Margarita's International Recipes



Semolina and Ricotta Cake


Migliaccio is a cheesecake made in Naples and surrounding areas typically for Carnival. At this time of year, Italians indulge in rich and delicious food before lent with it culinary deprivations start.

I had some difficulty making this cake - the problem was getting the semolina to become fully smooth. I added it gradually, I whisked it and then mixed it with a hand mixer to no avail. I probably should have used an electric stick mixer instead. This meant that the whole cake was lumpy, it didn't bother me too much, but I'd have felt bad if I'd served it to guests.

Flavor wise, it had an adult taste in that it wasn't very sweet (I also skimped on the powdered sugar), but it wasn't as rich and delicious as your regular New York cheesecake. It had a strong lemon flavor, which I liked.
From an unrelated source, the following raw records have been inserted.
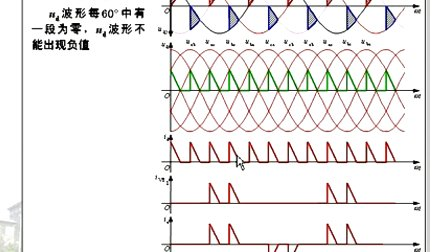 哈工大电力电子第28讲（三相可控整流电路）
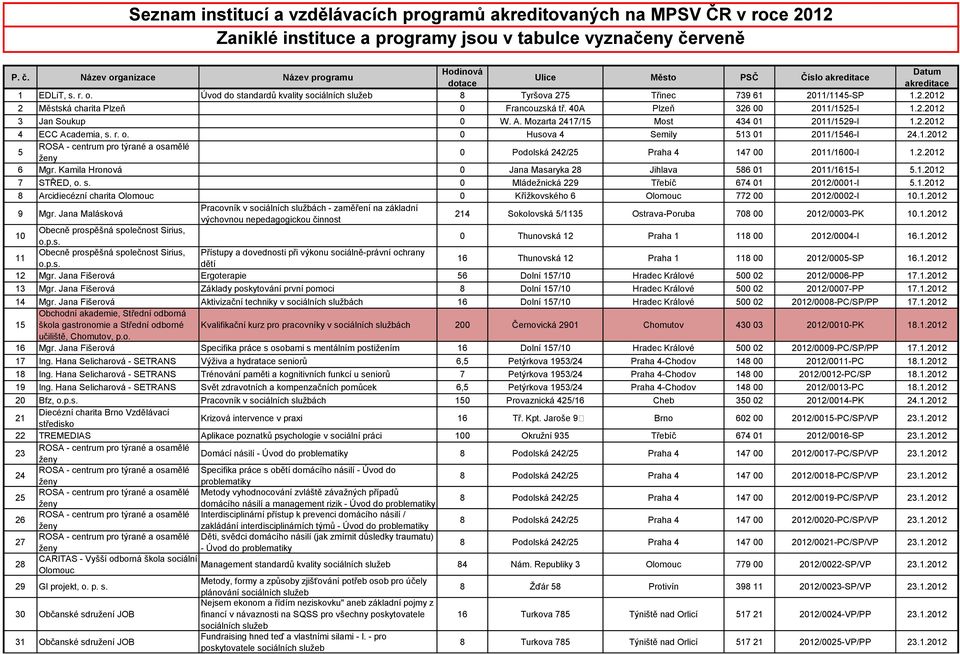 2.2012 2 Městská charita Plzeň 0 Francouzská tř. 40A Plzeň 326 00 2011/1525-I 1.2.2012 3 Jan Soukup 0 W. A. Mozarta 2417/15 Most 434 01 2011/1529-I 1.2.2012 4 ECC Academia, s. r. o.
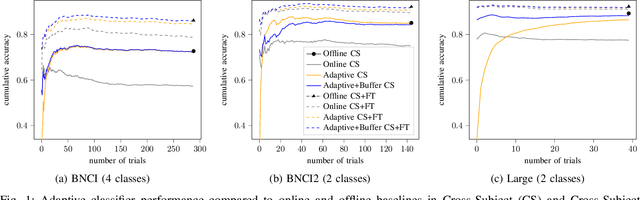 Figure 1 for Unsupervised Adaptive Deep Learning Method For BCI Motor Imagery Decoding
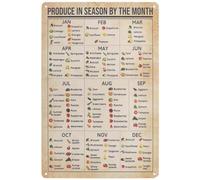 SOLUSTRE Signe De Fruits De Saison Produire En Saison Par Le Mois Affiche Légumes Fruits Connaissance Décoration Murale Œuvre D'art Pour Maman Panneau De Tableau Signes D'étain En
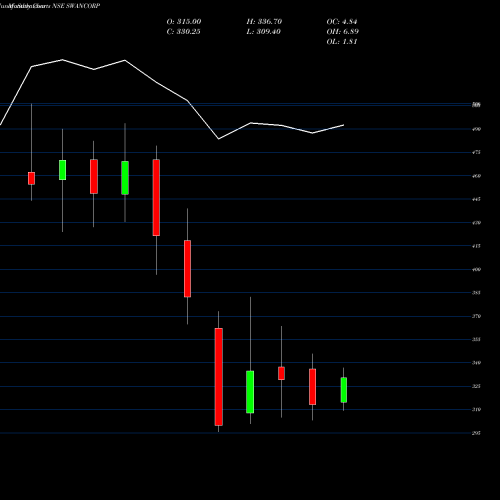 Monthly charts share SWANCORP Swan Corp Limited NSE Stock exchange 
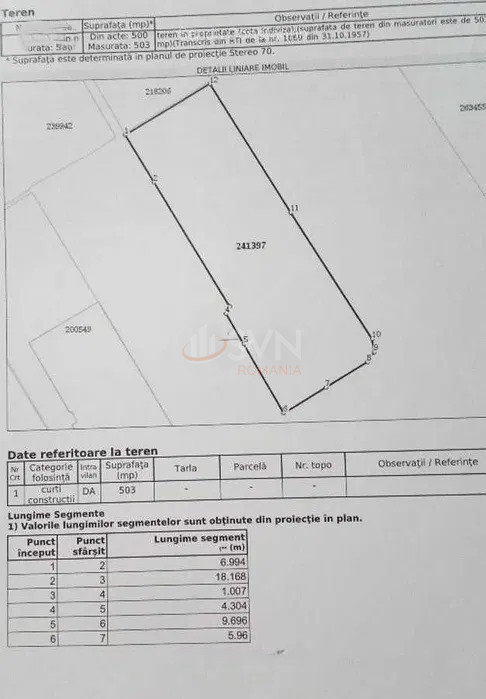 Teren 503 mp Bucuresti/1 Mai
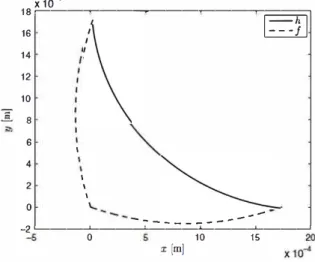 Fig. 9  f andh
My husband and daughter - neither of whom are very fond of cheesecake in the first place - didn't agree. In all, I wouldn't bother making it again.




  • 2 cups milk
  • 2 cups water
  • 3 1/2 Tbsp unsalted butter
  • peel of 1 lemon
  • pinch of salt
  • 1 2/3 cups semolina flour
  • 4 eggs
  • 1 1/2 cups sugar
  • 12 oz thick ricotta
  • 1 Tbsp limoncello (optional)
  • 2 tsp vanilla extract
  • powdered sugar


Preheat oven to 350°F. Grease a 9" springform pan.

Heat milk, water, butter, lemon peel and salt together in a saucepan over medium heat. Once it's boiling, remove and discard the lemon peel. Gradually whisk in the semolina. Cook until the semolina hardens, whisking or stirring continuously. Remove from the heat and set aside.

In a large bowl, beat or whisk the eggs. Whisk in the sugar. Add the ricotta, the limoncello and the vanilla extract and whisk well. Gradually mix in the semolina flour.

Transfer the batter to the pan and bake in the oven for about an hour, until the top is golden brown. Dust with powdered sugar.